■ **What is needed**: Your reply must contain the full listing below, reproduced exactly, but no pictures.

■ **Recorded data**:
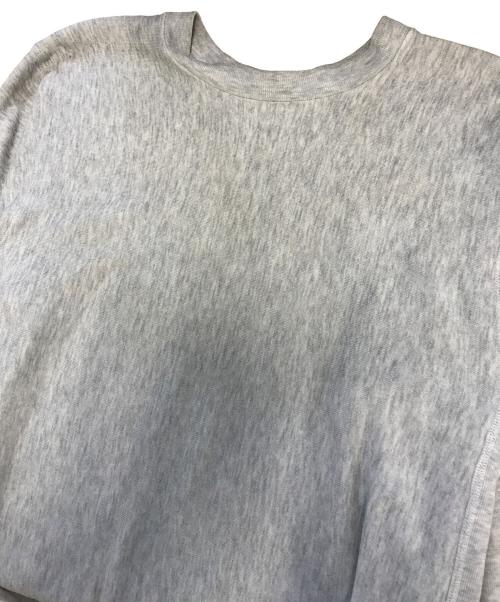 Champion（チャンピオン）Champion (チャンピオン) GAP (ギャップ) リバースウィーブタイプスウェット グレー サイズ:Mの古着・服飾アイテム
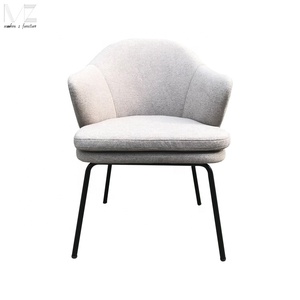 Ordic estuxury estestaurant OME Itchen Illas odern UFT FT OFT rey ining ooom urniture ababric etal EG ining Dhairs hair - Product Image 5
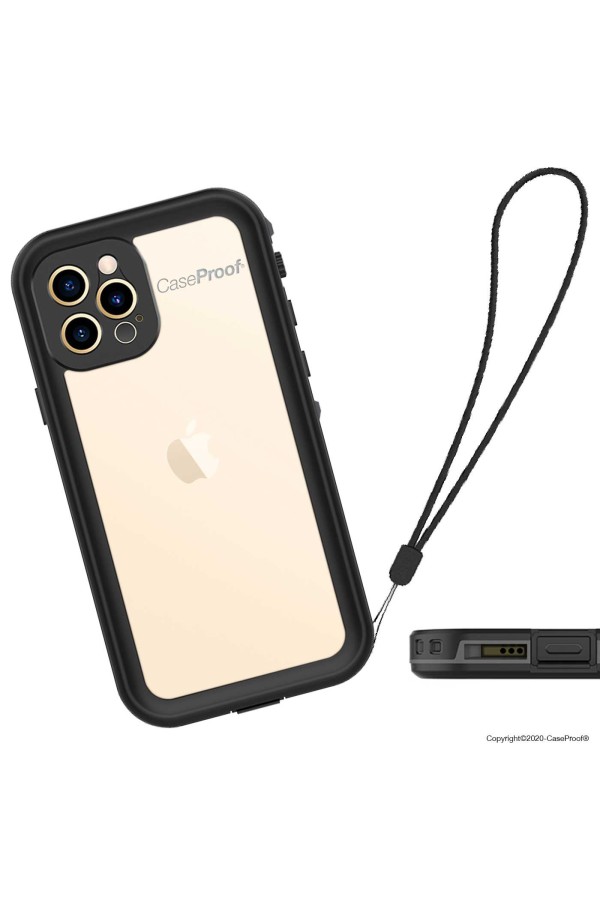 iPhone 12 Pro Max - Coque Étanche et Antichoc - Série WATERPROOF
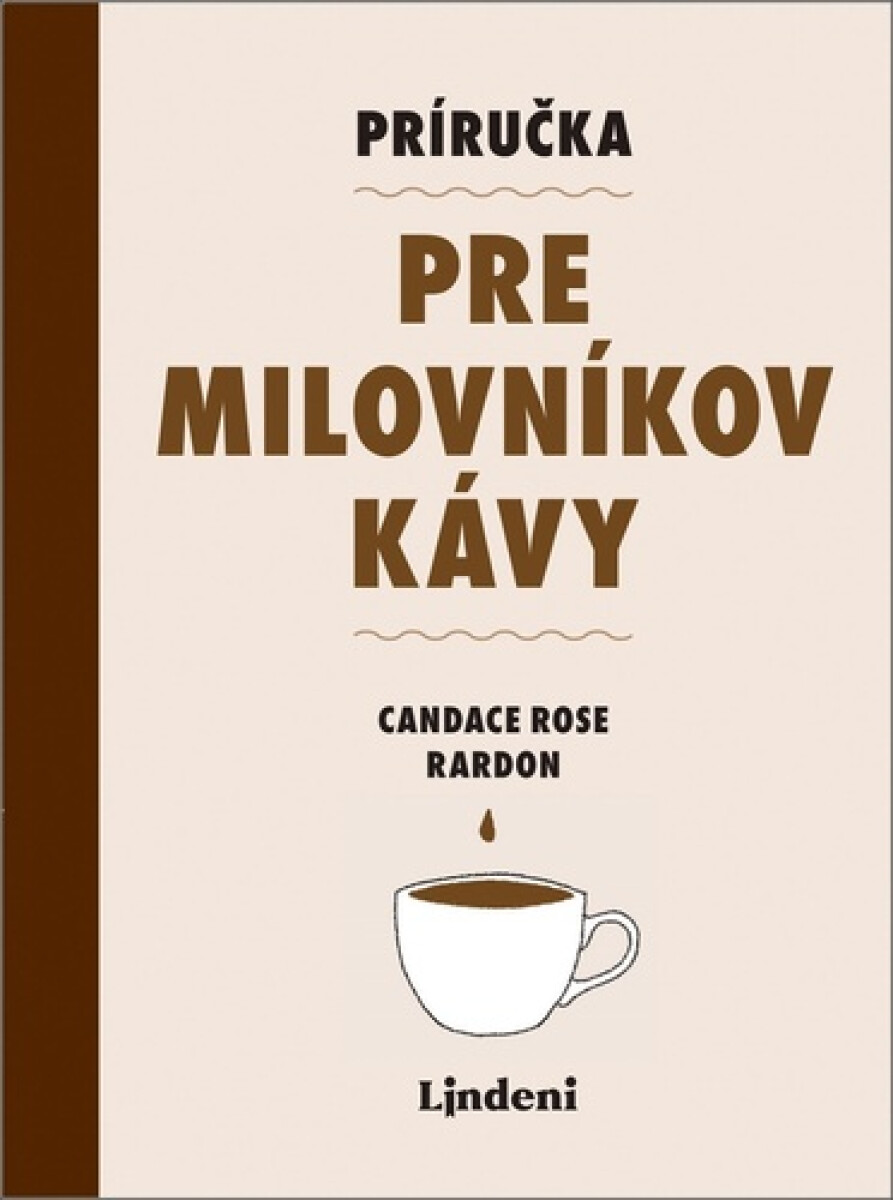Kniha Príručka pre milovníkov kávy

■ **Answer to the problem**:
 Champion（チャンピオン）Champion (チャンピオン) GAP (ギャップ) リバースウィーブタイプスウェット グレー サイズ:Mの古着・服飾アイテム
 Ordic estuxury estestaurant OME Itchen Illas odern UFT FT OFT rey ining ooom urniture ababric etal EG ining Dhairs hair - Product Image 5
 iPhone 12 Pro Max - Coque Étanche et Antichoc - Série WATERPROOF
Kniha Príručka pre milovníkov kávy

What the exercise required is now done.